This Is AuburnElectronic Theses and Dissertations

Inverse Functional Modeling for Drug Dissolution Profiles: A Statistical Framework for Curve-Based Formulation Design

Date

2026-04-19

Author

Wang, Zheran

Type of Degree

PhD Dissertation

Department

Mathematics and Statistics

Abstract

This work establishes a statistically reliable framework for reverse engineering drug formulations from a target dissolution profile, formulated as an inverse functional problem. Dissolution profiles describe the rate at which a drug is released from a dosage form and serve as a primary \textit{in vitro} surrogate for product performance. Although regulatory evaluation commonly relies on scalar summaries such as the $f_2$ factor, dissolution behavior is inherently functional and reflects structured relationships between formulation variables and release dynamics.

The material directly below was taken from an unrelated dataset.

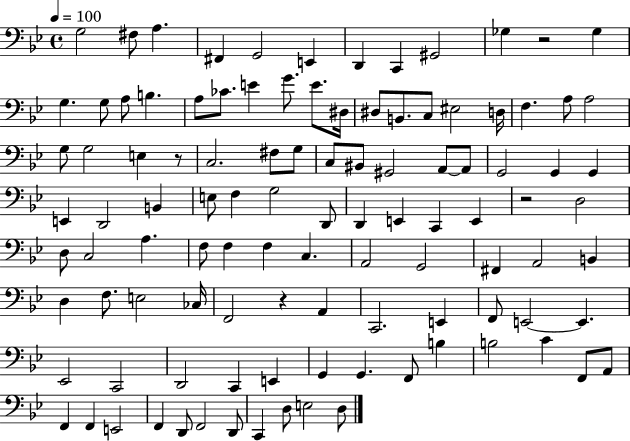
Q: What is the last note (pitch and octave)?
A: D3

The reverse engineering problem is formulated as an inverse mapping from formulation predictors to curve-valued responses under sampling noise and model-form uncertainty. By representing dissolution profiles as continuous functions of time, the framework enables dimension reduction, regression modeling, and optimization based on the entire trajectory. Parametric models and functional approaches based on spline smoothing and functional principal component analysis are integrated within a unified curve-space optimization architecture, with a reference-anchored extension to stabilize inverse estimation. Applications to extended-release datasets demonstrate the behavior of the framework under real experimental conditions. To generalize beyond specific datasets, the framework is further evaluated through simulation studies spanning multiple mechanistic generating processes, including controlled structural misspecification. A formulation recovery error metric is introduced to assess inverse identification accuracy alongside curve-level discrepancy measures. The results characterize when parametric efficiency is achieved under structural alignment and when functional representations provide greater robustness under heterogeneity or model mismatch. Collectively, this work provides a regulatorily grounded and general framework for curve-based dissolution modeling and formulation design when the underlying release mechanism is uncertain.